『フェイクドキュメンタリーQ』村田らむ×寺内康太郎対談「“答えは1つではないのでは?”と我々の想像も続いています」

AI要約

モキュメンタリ―ホラーが人気を集める中、行方不明展で展示映像監督を務めたYoutubeチャンネル『フェイクドキュメンタリーQ』の寺内氏が注目を浴びる。

タワーレコードでの新作上映会&サイン本お渡し会には120名以上のファンが集まり、Qの怖さや魅力について話題に。

Qはノンフィクション作品を参考にしており、リアルなオチのなさが特徴で、現実の不条理さを大事にしている。

『フェイクドキュメンタリーQ』村田らむ×寺内康太郎対談「“答えは1つではないのでは?”と我々の想像も続いています」

 今夏、エンタメ界を席捲した「モキュメンタリ―ホラー」。虚構と現実の境目があいまいな“恐怖”は多くの人の興味を引いた。

 なかでも9月1日まで東京・三越前福島ビルで開催された『行方不明展』は大盛況だった。
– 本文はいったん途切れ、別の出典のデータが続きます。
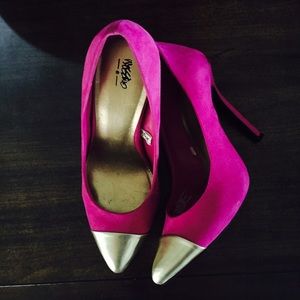 Fuschia Gold Toe Heels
 そんな行方不明展で展示映像監督を務めたのは話題のYoutubeチャンネル『フェイクドキュメンタリーQ』の寺内康太郎氏。同チャンネルが著書化された同名書籍『フェイクドキュメンタリーQ』は累計発行部数6万部のヒットを記録している。

 登録者数30万人、動画再生数100万回超えの動画もある人気チャンネル『フェイクドキュメンタリーQ』(以下、Q)を書籍化した単行本の発売を記念して、先の8月4日夜、タワーレコード錦糸町パルコ店で「新作上映会&サイン本お渡し会」が開催された。

 閉店後の店内イベントスペースには、通常の定員を遥かに超える120名以上が来場し、ファンの熱気が溢れ返る中、同日0時に公開されたばかりの新作動画『MOTHER』の上映会が行なわれた。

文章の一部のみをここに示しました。